** Opening Records supplied block **

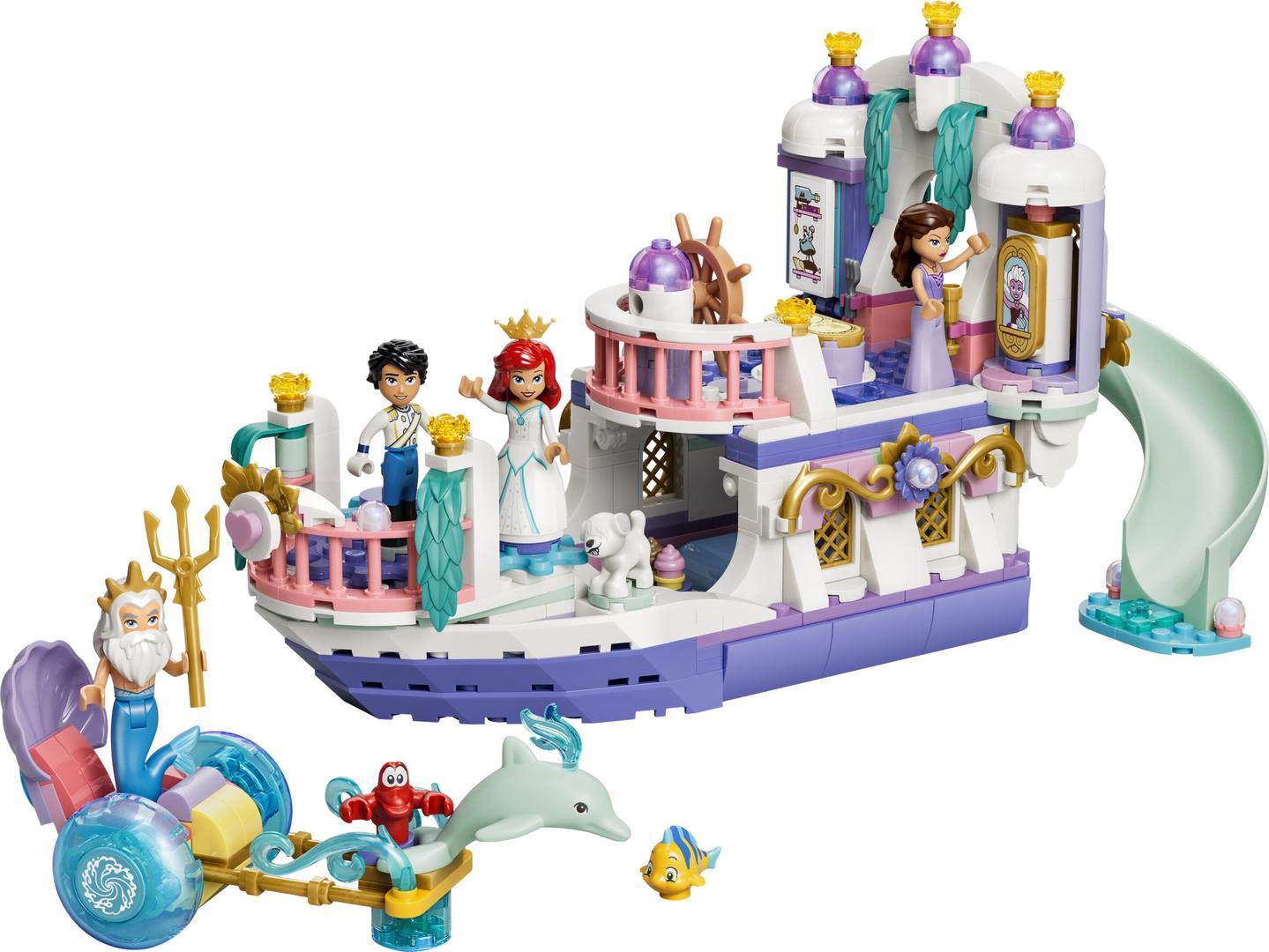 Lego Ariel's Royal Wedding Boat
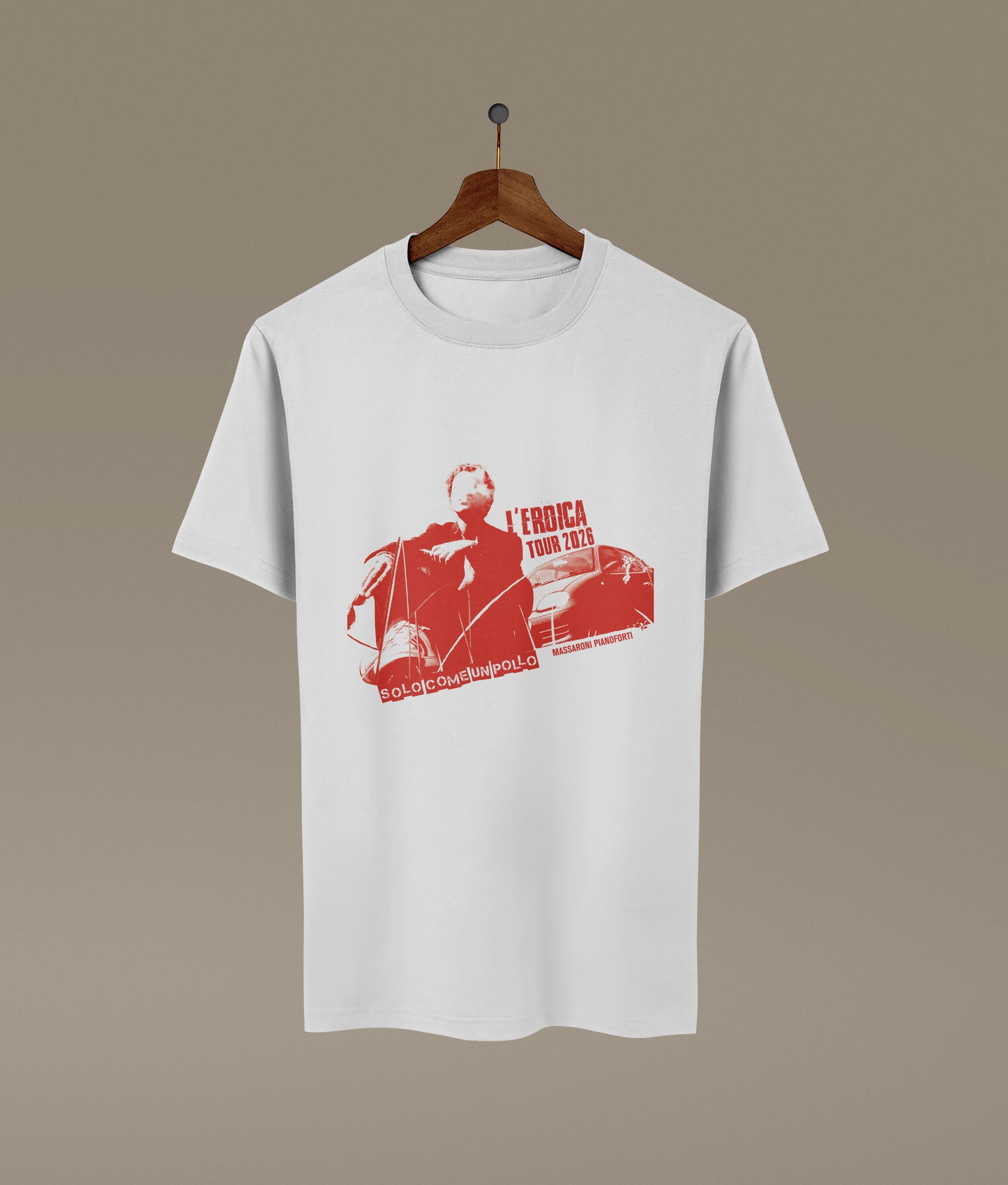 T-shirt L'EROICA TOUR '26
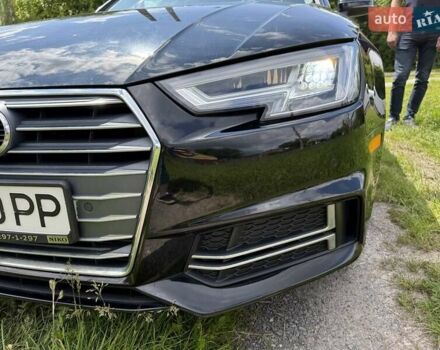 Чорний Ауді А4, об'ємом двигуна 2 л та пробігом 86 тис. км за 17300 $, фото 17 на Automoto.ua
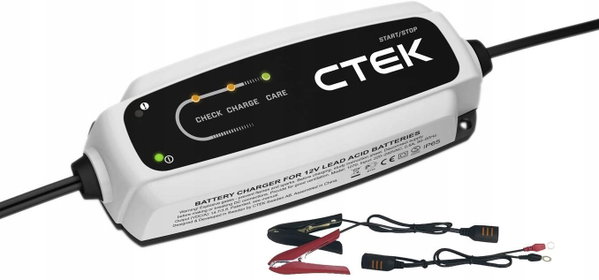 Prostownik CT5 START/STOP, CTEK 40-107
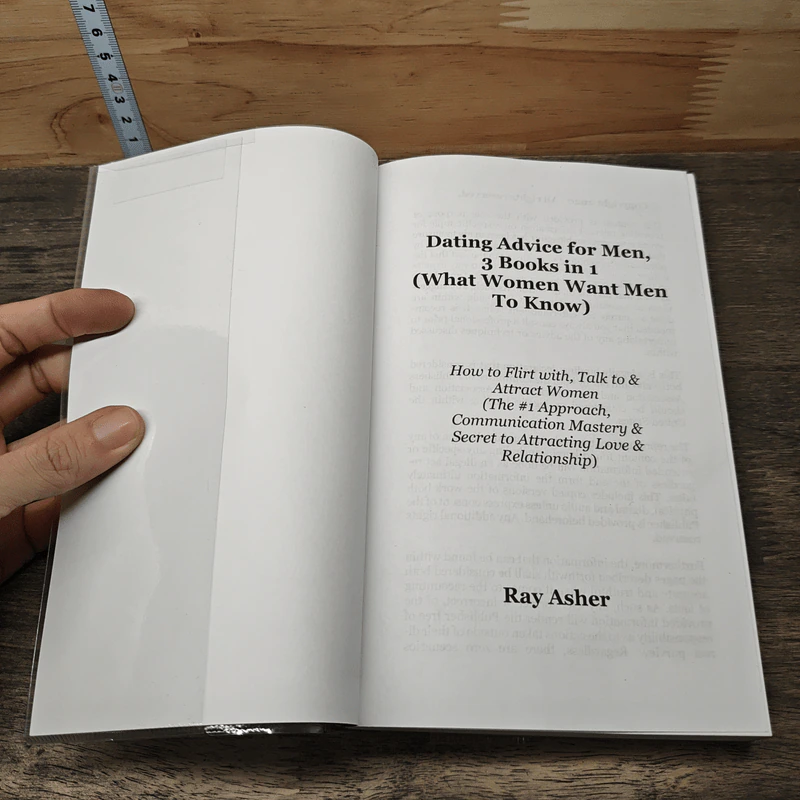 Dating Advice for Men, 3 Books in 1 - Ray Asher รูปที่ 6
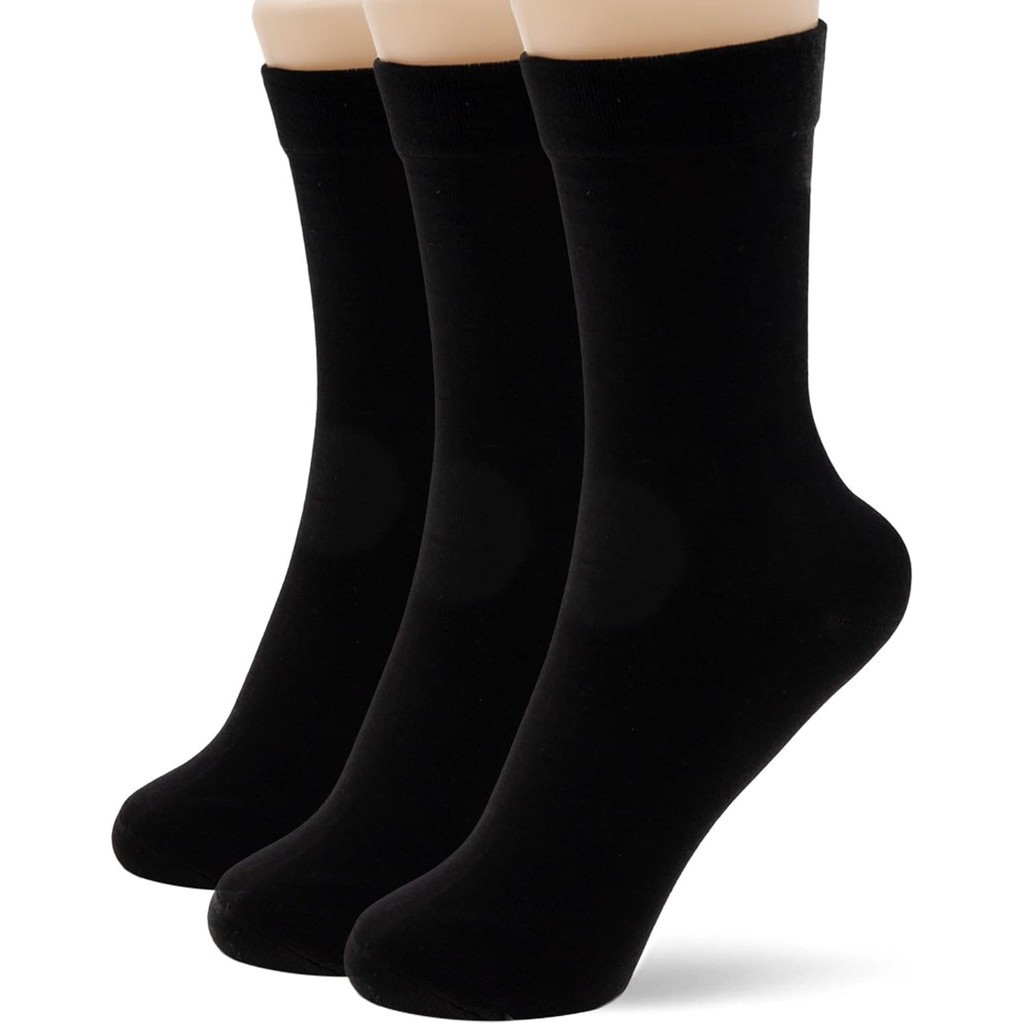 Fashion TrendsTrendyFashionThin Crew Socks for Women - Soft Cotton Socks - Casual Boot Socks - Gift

** Closing Records supplied block **

◆ Task objective:
Leave out the pictures and return, exactly as written, only the lines from the line with "Prostownik CT5 START/STOP, CTEK 40-107" through the end of the records above.

◆ Solution:
 Prostownik CT5 START/STOP, CTEK 40-107
 Dating Advice for Men, 3 Books in 1 - Ray Asher รูปที่ 6
 Fashion TrendsTrendyFashionThin Crew Socks for Women - Soft Cotton Socks - Casual Boot Socks - Gift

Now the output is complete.